Communication turns a group of workers into an organized crew. Ever since our cave-dwelling ancestors started using hand signals and birdcalls to corner a mammoth, we’ve been trying to perfect communication to achieve our goals faster and more efficiently.
We’re still working on it. Especially in the workplace.
Workplace communication now comes in a variety of form factors, including email, text, cell phone, instant messaging, radios, intercom, online collaboration tools, face to face, and hand signals. Nevertheless, poor communication is still responsible for most project failures.
Communication can always improve. Whether or not it does is a matter of urgency and technology. Often, if it’s not mission-critical it won’t get done. If a solution is too expensive or disruptive, it’s a non-starter. Regarding the mission-critical point: If you keep bumping into any of these seven signs, then you need to improve communication for your crew sooner rather than later.
Sign #1: Interference Battles
There are two kinds of interference: visual and audio. Visual is when there’s a physical barrier between you and someone else trying to signal you. If you can’t see it, then you don’t get the signal.
Audio interference is more complex. If you rely on face-to-face communication, then environmental noise can interfere. You also have to factor in the distance between you and your crew.
If you rely on a two-way radio, then interference can result from a variety of issues, including broken antennas, cross talk, button mashing and narrowbanding. Mandated by the FCC to create additional channels, narrowbanding reduces frequency range and makes certain sounds indistinguishable, such as the high-frequency letters “s” and “f.” That kind of audio confusion can be frustrating and even dangerous.
If you rely on a Bluetooth-connected device, then you’re in competition with WiFi routers, security systems and, with the advent of the Internet of Things, refrigerators, cars, watches and just about any other product labeled as “smart.”
Finally, if you use cell phones, then you’re at the mercy of the network. Coverage typically fails when you need it the most.
Sign #2: Safety Issues
Any time there’s an accident, communication falls under the microscope. Investigators scrutinize everything from training to posted warnings to response times. To a lesser degree, you may go through the same kind of review if you are cited for a safety violation. Either way, improving communication always improves safety.
Sign #3: Missed Deadlines
Not meeting production goals? Are construction delays so commonplace that they’re now considered normal? Project estimates paling in comparison to actual costs? Many factors contribute to singular events. But if falling short is a chronic issue, then your crew will benefit from better communication to help them work more efficiently, since even tiny improvements can snowball into big savings.
Sign #4: Hurry Up and Wait
Observe your worksite or plant floor. Is part of your crew constantly waiting around? A finely tuned crew finds its own pace to optimize productivity. You see this in crews that have been together for a long time. They spend so many hours working together that they know each other’s rhythms. It’s like a back-shoulder pass from a quarterback to a receiver. It’s not safe to attempt such a risky play unless the two players have spent hours practicing the timing.

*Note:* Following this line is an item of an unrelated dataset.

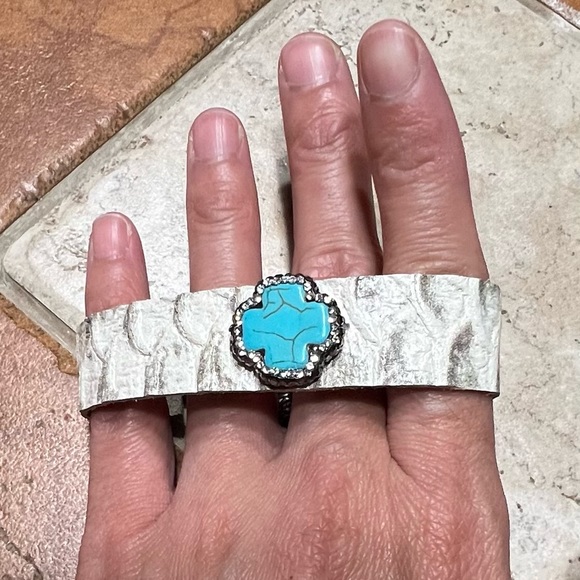 Sandra Ling Python Pave Mini Cuff With Turquoise Cross - Picture 3 of 5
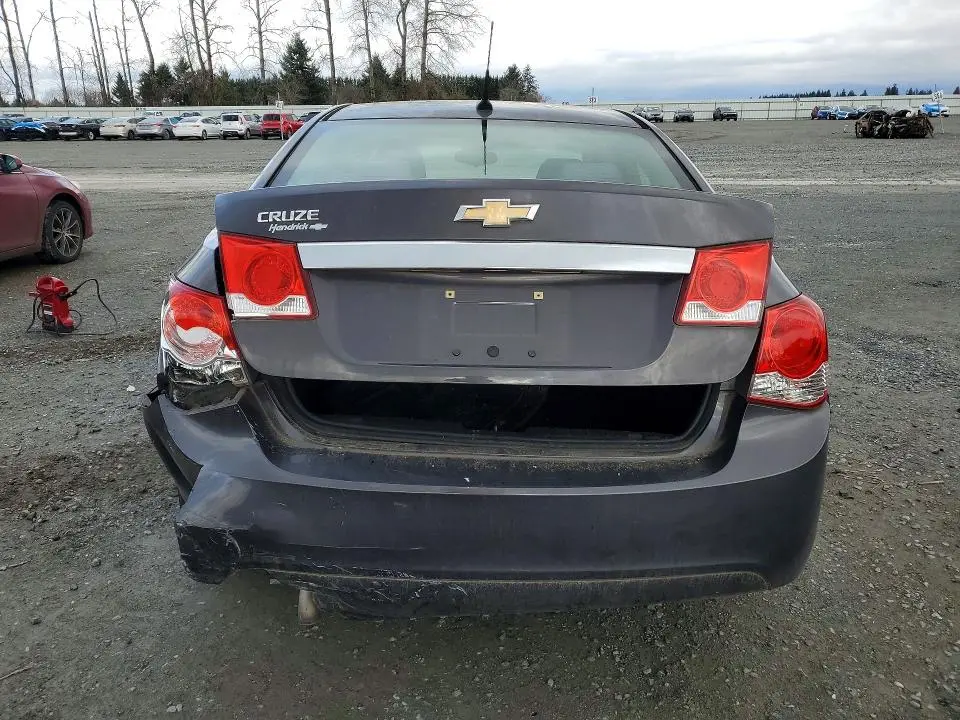 2014 CHEVROLET CRUZE LS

Unfortunately, most crews don’t have the luxury of controlling their membership. Shift changes, new projects that require new expertise, and the need to collaborate with other crews on larger projects can throw off the timing of the most experienced crews. Improving real-time communication helps make up for the lack of experience by reducing the time spent waiting around for materials, equipment, contingent processes, or instructions on what to do next.
Sign #5: Visual Dependency
Hand signals, flags, lights and visual alarms are invaluable to safety and efficiency. They are even more effective when supplemented with audio communication. Plus, it’s more common today for workers to become overwhelmed by too many visual alarms—a phenomenon known as alarm fatigue. Adding dependable audio communication closes up those gaps where an operator accidentally misses a life-threatening visual signal.
Sign #6: Equipment Damage
If your equipment repair or replacement bills are going up but your profits are stagnant, then a lack of real-time communication on the worksite may be to blame. A crew that needs to rush to complete tasks may be more likely to push equipment beyond its limits. Also, communication interference or breakdowns may result in misunderstood directions. Improving communications reduces operator error, prevents collisions and keeps the worksite safer.

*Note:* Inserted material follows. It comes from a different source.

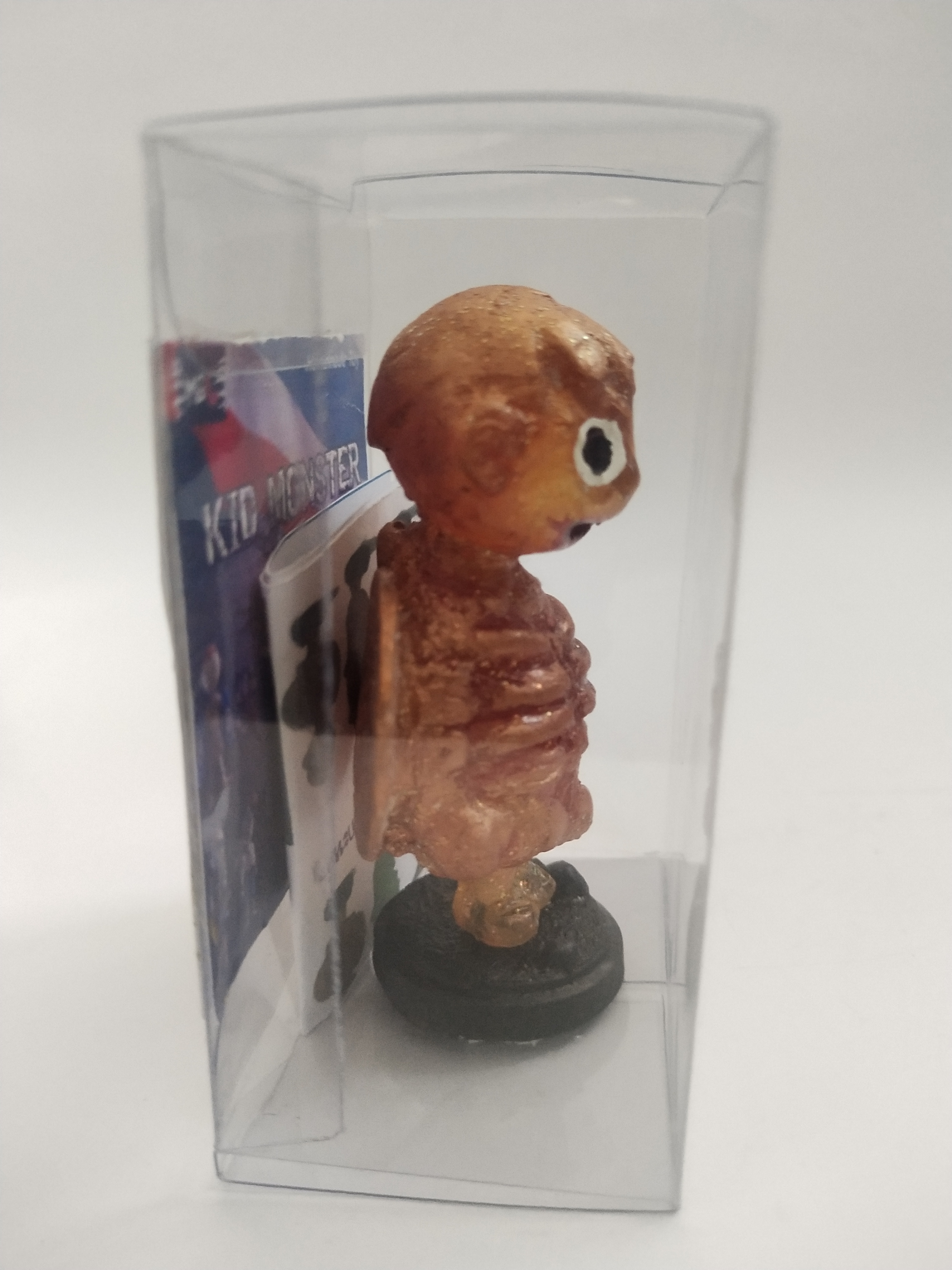 มีหลายภาพ Handmade model ตุ๊กตา ผีกระหังเด็ก น้องกะหล่ำ รุ่น ใส่เล่นแสงติดฐาน** งานแฮนด์เมดเป็นงานทำทีละชิ้นแต่ละตัวจะมีความแตกต่างกันบ้างไม่มากก็น้อย สำเนา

Sign #7: High Stress/Low Morale
Nothing upsets workers more than being set up to fail. Except being placed unnecessarily in a dangerous situation. Both result in high stress and low morale. Avoid both by improving communication.
The ability to hear and be heard in real time instills confidence across your entire crew. No one feels out of the loop and everyone has the opportunity to contribute. In challenging environments, workers understand that dangerous situations require optimal situational awareness. They need proper communication tools to allow them to use their equipment safely.
Every worker wants to end their shift in good health and with a sense of accomplishment. Improving communication empowers them to do just that.
Ignoring It Doesn’t Help Your Crew
What you know influences what you see. It’s a phenomenon of human perception. Basically, once your brain registers how you perceive something, it cannot reverse itself.
So when you recognize one or a few of these signs, maybe you tell yourself, “We’ll learn from this and figure it out for the next project. Or, “We just need to hire a strong leader/fire a weak leader.” Or, “Next time, be sure to yell louder.”
But now you’ll know when you see the signs that it’s time to improve crew communication. And until you do, you can’t unsee them.